The head of the Leopold Trepper Defense Committee reported today that the World War II master spy will file a libel suit against Jean Rochet, director of the French counter-espionage service, who has accused Trepper of collaboration with the Gestapo. In a letter published today in Le Monde, Gilles Perrault said Trepper told him of his intention to sue Rochet in a telephone conversation Friday from Warsaw. Last Thursday Le Monde published Rochet’s charge that Trepper turned over his comrades, many of them Jews, to the Gestapo after the Nazis arrested him in 1942.
Trepper headed the Soviet espionage network in Western Europe during World War II, known as the “Red Orchestra.” He and his wife live in Poland and have been trying, in vain, to get exit visas to go to Israel to join their son, Edgar. Mrs. Elisabeth Trepper, who was given a temporary exit visa earlier this month, was refused entry to France on grounds that her husband was an undesirable foreign agent who could be harmful to Western countries.
NOT A GESTAPO COLLABORATOR
Trepper’s defense here was undertaken by Perrault, the author of a bool on the “Red Orchestra.” In his Le Monde letter, Perrault accused Rochet of using portions of the book out of context to support charges against Trepper. He claimed that the reason Trepper wasn’t tortured by the Gestapo was because they intended to use him to communicate false intelligence to Russia.

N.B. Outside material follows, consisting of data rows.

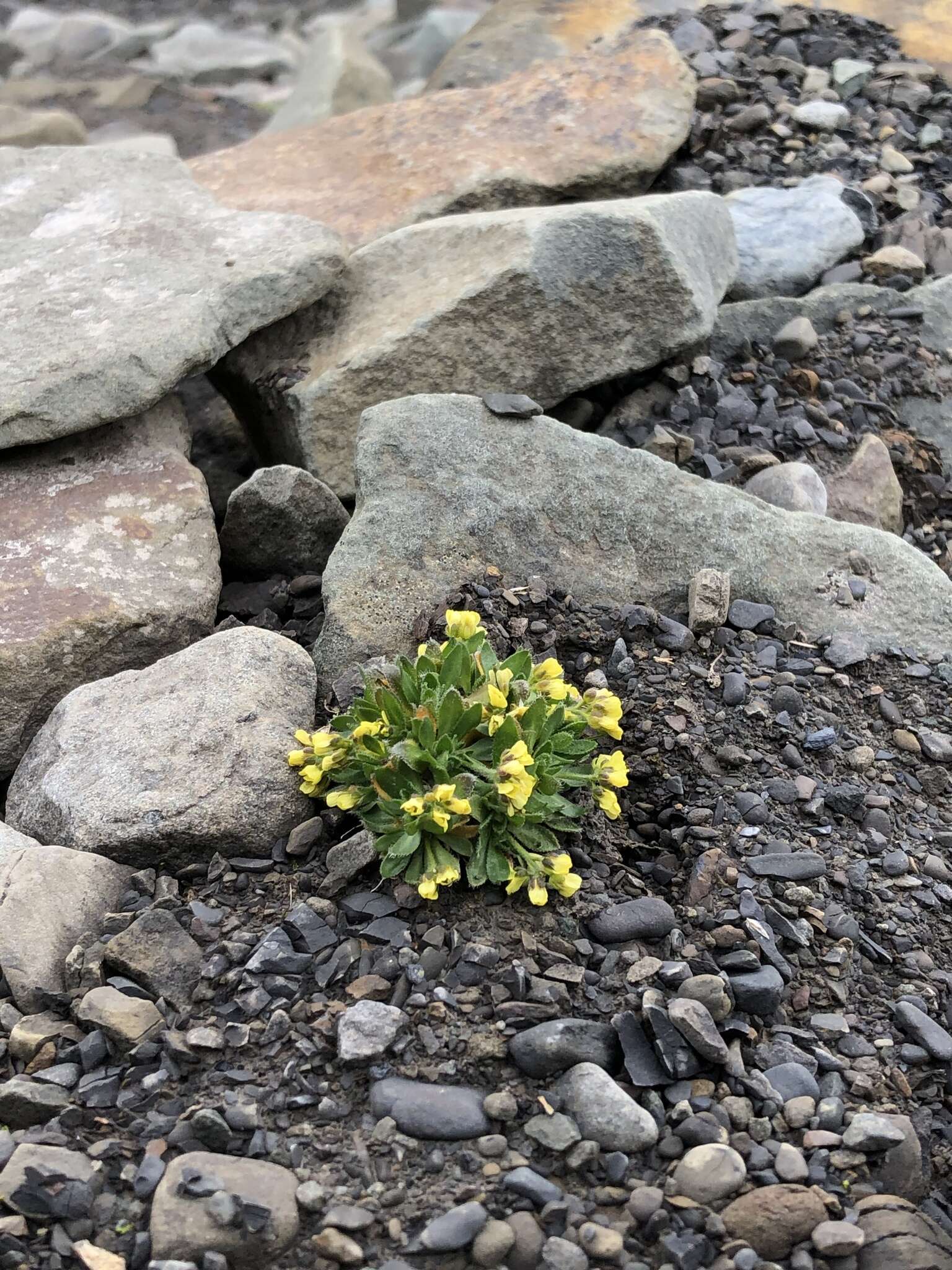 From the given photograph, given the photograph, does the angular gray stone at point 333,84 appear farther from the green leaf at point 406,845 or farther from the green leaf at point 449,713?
the green leaf at point 406,845

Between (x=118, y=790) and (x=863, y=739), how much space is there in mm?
2169

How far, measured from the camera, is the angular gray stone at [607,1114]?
265 centimetres

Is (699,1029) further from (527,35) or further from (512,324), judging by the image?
(527,35)

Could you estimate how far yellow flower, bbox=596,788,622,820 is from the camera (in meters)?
3.29

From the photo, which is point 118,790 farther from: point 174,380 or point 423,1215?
point 174,380

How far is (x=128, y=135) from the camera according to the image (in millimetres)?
12008

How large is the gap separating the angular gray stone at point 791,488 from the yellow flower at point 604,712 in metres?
1.53

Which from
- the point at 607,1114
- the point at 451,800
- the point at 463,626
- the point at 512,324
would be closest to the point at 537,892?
the point at 451,800

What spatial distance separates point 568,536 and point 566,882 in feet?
4.77

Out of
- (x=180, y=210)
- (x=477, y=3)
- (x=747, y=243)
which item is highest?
(x=180, y=210)

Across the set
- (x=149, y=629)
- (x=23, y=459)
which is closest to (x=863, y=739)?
(x=149, y=629)

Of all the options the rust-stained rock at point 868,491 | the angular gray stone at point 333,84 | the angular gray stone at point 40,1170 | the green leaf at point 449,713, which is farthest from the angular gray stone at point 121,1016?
the angular gray stone at point 333,84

Perrault also came to Trepper’s defense in an article published in the current issue of the French weekly Le Nouvel Observateur. He maintained that had Trepper been a Gestapo collaborator he would not claim the right to go to Israel, a country which is well informed about war crimes and does not pardon them. Perrault also observed that Trepper stood up to the official anti-Semitic campaign in Poland led by former Interior Minister Mieczyslaw Moczar in 1968.